Replace secrets.py python modules with environment variables #159

ricardogsilva · 2017-09-01T16:12:43Z

Currently DAGs are retrieving sensitive information from several secrets.py files. This pattern is meant to keep sensitive data out of the git repository (but beware there are some secrets lying around in the git history for this repo) but is not very friendly for setting up new environments (dev or otherwise). For example: I'm creating a new dev environment locally and will have to create several of these secrets files with dummy values just be able to get airflow up and running.

Also, this pattern of retrieving the secrets is not very dev friendly:

from myfile import secrets

var1 = secrets["secret1"]

This forces me to create the secrets.py file AND also create a secrets dictionary AND also create the secret1 key in the dict with some value. Otherwise I cannot get airflow to run. And I have to repeat this for all DAGs even if I'm only interested in working on a single DAG.

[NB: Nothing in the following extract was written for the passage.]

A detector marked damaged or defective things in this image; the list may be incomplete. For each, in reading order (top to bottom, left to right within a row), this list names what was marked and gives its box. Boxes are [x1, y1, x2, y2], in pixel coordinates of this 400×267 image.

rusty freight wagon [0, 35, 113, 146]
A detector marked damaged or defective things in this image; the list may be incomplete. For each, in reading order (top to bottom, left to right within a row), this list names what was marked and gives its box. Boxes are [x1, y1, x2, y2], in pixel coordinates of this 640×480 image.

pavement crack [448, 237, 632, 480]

A more flexible strategy is proposed in the 12factor app's section on configuration. Basically it is recommended that this information be kept in the environment and not in custom python files.

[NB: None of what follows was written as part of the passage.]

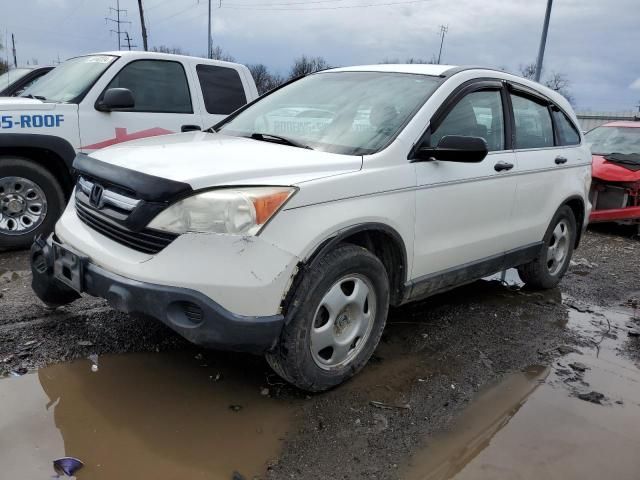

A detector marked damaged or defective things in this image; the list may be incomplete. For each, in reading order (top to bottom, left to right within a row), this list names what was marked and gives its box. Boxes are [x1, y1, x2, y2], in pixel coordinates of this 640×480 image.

damaged front bumper [30, 234, 284, 354]
cracked front bumper cover [30, 234, 284, 354]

In this case it would mean that, instead of several secrets.py files each holding a bunch of dictionaries with keys and strings as values, there would be several environment variables, one for each secret variable. Airflow even facilitates using this pattern for things like database connections via its connections feature.

The pattern of retrieving the secrets can also be made more flexible:

import os

var1 = os.getenv("SECRET1")  # defaults to None if SECRET1 does not exist in environment

# optionally you can specify some sensible default too
# var1 = os.getenv("SECRET1", "some_default_value")

The snippet above allows me to define just the secrets that I want to use and the code will not blow up (immediatly at least) if the other secrets are not defined.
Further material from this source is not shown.